Workplace Discrimination: Can You Privately Sue Your Employer?

29 August 2017
 Categories: Law, Blog


Being discriminated against in the workplace is a very upsetting occurrence. It can be especially bad if you feel as if you have been retaliated against because you spoke up or someone spoke up on your behalf.

If you have suffered from discrimination in the workplace, you may be wondering if you can do something to hold your employer accountable for these actions. The good news is that there are very strong laws in place that protect employees from discrimination in the workplace, both on the state and federal levels. The following are some things you should know if you have ever been a target of workplace discrimination:

Know Your Rights

While there are many labor laws protecting you from being discriminated against at work, it is important that you are sure of your rights. There are a lot of regulations in place to protect you, but going through it all can seem overwhelming. If discrimination happens, you need to either visit your human resources department or your attorney (or both) to find out what your next step is so that you can move forward.

Suing Your Employer

Many may ask whether or not they may sue an employer for discrimination. The answer is yes, you can sue. However, your ability to do so may initially be limited. In many states, there is no private right of action. It is the responsibility of the state to enforce its laws, although it is best that you file a complaint. You can also complain on a federal level, but it can still be hard to file a private discrimination lawsuit also.

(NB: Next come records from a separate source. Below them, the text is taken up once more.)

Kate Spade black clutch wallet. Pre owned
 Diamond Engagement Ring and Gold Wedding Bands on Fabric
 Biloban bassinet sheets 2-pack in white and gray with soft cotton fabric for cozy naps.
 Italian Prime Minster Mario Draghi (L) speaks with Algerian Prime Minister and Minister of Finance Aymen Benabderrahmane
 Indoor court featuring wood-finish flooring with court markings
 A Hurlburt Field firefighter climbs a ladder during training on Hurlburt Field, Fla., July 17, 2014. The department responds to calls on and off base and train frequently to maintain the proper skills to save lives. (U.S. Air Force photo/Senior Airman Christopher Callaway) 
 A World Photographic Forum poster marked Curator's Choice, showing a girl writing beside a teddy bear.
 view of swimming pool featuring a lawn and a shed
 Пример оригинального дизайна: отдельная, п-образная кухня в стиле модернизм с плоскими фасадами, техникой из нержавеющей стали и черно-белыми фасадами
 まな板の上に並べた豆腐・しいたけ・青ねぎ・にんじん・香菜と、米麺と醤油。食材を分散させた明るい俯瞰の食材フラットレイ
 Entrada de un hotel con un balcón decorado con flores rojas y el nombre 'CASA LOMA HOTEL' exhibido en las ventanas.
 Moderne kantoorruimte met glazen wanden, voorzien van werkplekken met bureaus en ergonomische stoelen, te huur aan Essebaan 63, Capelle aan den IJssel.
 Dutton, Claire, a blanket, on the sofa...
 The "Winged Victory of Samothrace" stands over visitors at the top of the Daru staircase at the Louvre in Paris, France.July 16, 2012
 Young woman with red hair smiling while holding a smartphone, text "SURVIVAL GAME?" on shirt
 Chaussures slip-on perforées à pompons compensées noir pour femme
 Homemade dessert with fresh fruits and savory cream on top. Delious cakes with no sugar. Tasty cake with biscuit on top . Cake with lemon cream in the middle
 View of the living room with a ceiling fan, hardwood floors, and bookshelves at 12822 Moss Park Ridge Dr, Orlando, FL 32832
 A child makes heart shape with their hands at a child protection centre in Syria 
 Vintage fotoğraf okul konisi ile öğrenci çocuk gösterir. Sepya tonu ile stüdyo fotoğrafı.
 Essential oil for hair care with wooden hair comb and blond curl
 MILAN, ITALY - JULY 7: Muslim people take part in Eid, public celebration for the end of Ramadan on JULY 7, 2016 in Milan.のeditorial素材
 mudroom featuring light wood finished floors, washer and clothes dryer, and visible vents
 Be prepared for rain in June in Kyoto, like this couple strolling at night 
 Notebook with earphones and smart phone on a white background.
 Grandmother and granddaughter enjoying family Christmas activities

In order to successfully sue an employer for discrimination, you will need to file an official complaint with the EEOC. They will do an investigation to see if the law has been broken on the part of your employer. They may find it necessary to move forward with a discrimination case, but they may not. Either way, however, you will not be allowed to file any private lawsuits until you get a notice of right-to-sue from the EEOC. You will get this notice if your complaint is dismissed.

You may get a notice of right-to-sue before the investigation is complete under some circumstances. The EEOC must legally give you notice after a certain period of time has passed after filing your complaint. Prior to that time, they can provide notice when they feel it is necessary.